For No. 42: Did You See Jackie Robinson Hit That Ball?
While most of us are off sweating our taxes today, there is at least one cause for celebration. Today is Jackie Robinson Day, celebrating the anniversary of Robinson's first taking a major-league baseball field with the Brooklyn Dodgers in 1947. As the first African-American MLB player, Robinson blazed a trail that ended 80 years of segregation in the sport and paved the way for generations of gifted athletes.
Bob Sandberg via the Library of Congress
Since 2004, it's become an annual tradition to honor the man who in many ways most defined the true national pastime, embodying as he did both skill undeniable and the place of freedom and equality that America is supposed to represent in ballparks across the nation. This year, for instance, Historic Dodgertown will host an exhibition game, and each player at tonight's Astros-Royals game at Minute Maid Park will wear Robinson's jersey number, 42. That number has become symbolic of the movement towards equality in professional sports, and has been retired at every MLB park. So honor No. 42, here's a playlist of songs about the one and only Jackie Robinson.

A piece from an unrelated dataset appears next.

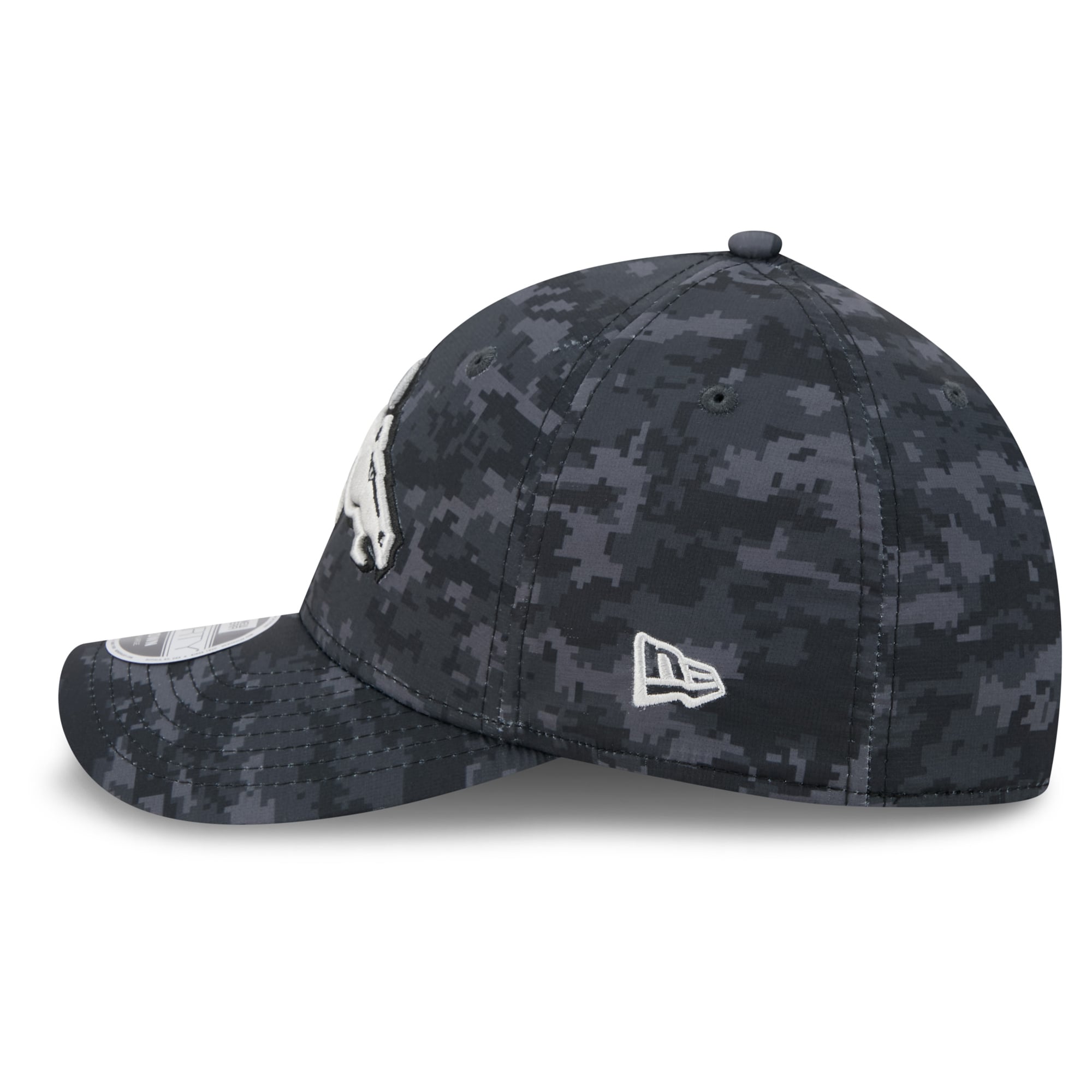 Casquette extensible New Era noire Denver Broncos 2026 Salute To Service 39THIRTY M-Crown pour homme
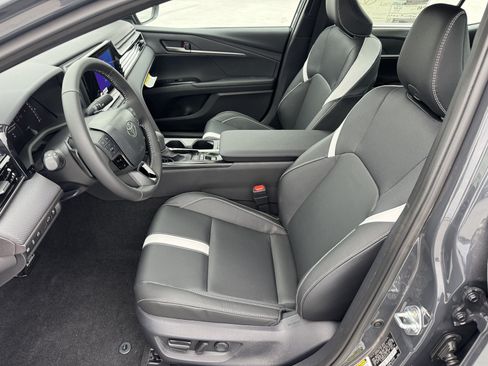New 2026 Toyota Camry SE FWD image 2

Count Basie, "Did You See Jackie Robinson Hit That Ball?"
Any talk about Robinson in song starts with this tune, recorded back when No. 42 was still in his prime. Buddy Johnson wrote it, but Count Basie came along with this better version (in my opinion) in 1949. Regardless, it's a lighthearted tip of the chapeau to Robinson's prowess, something that is often lacking when he is discussed in pop culture. One of the reasons Robinson was able to do what he did was because he was so very good at baseball. That's what paved the way.
Jay-Z feat. Santigold, "Brooklyn Go Hard"
Now, Jay-Z may be getting a bit above himself by claiming to occupy the same strata as Robinson, but there's not denying "Brooklyn Go Hard" is a hell of good tune. It was at least good enough to be the theme song for the successful 2013 film 42 so I'll defer to the people who love Jackie Robinson enough to make a $40 million movie about him.
King Missile, "My Father"
Never let a chance to mention King Missile go by if you don't have to. In one of John S. Hall's best nonsensical poem-songs he talks about the accomplishments his father had before he died. One of them was being the first white man in the Negro Leagues, where black players were forced to play pro baseball until Robinson came along and the majors were soon desegregated. Hall's father was apparently traded for Robinson, but it's really just part of the utter insanity that was King Missile. Man, I miss this band.